2015年6月29日、中国科学院広州生物医薬・健康研究院の裴端卿(ペイ・ドゥアンチン)氏と陳捷凱(チェン・ジエカイ)氏が率いる研究チームは、iPS細胞研究の分野で画期的な進展を実現し、新たな発想によりヤマナカファクターを含まない初期化方法を確立した。中国科学報が伝えた。
この研究では体細胞段階のファクターを出発点とし、がん遺伝子「c-Jun」と幹細胞の多能性がまったく相容れないことを発見した。c-Junインヒビターは初期化を促すほか、ヤマナカファクターのうち最も中心的な「Oct4」の代わりになる。研究チームはこの発見を踏まえた上で、長年に渡る初期化メカニズムの研究結果を組み合わせ、ヤマナカファクターを含まない新たなiPS細胞誘導因子を形成した。

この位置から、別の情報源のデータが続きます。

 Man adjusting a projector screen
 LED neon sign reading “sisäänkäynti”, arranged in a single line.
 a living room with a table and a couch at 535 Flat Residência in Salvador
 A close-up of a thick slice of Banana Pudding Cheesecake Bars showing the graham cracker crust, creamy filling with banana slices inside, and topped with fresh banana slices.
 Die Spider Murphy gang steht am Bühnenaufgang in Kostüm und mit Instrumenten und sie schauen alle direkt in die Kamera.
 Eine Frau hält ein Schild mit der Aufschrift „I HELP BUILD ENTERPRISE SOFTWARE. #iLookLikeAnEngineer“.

日本人研究者の山中伸弥氏が2012年にノーベル賞を受賞すると、2006年に発見されたiPS技術が人々に知られるようになった。iPS技術は4つの遺伝子(ヤマナカファクター)を体細胞に作用させることで、これを胚性幹細胞まで若返らせることができる。これは再生医学の幹細胞資源の問題を解消し、幅広い応用の価値を持つ。

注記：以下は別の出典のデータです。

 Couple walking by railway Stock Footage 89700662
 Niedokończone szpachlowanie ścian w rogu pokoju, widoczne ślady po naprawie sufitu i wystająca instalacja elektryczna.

裴氏は新たな初期化方法について、「これは実験室の8年弱に渡る一連の取り組みの結晶であり、c-Junの発見とその関連する研究だけでも7年弱を費やした。新たな初期化方法は6つのファクターを必要とし、うち3つは代替不可の重要ファクターで、実験室の一連の長期的な取り組みによって蓄積された」と話した。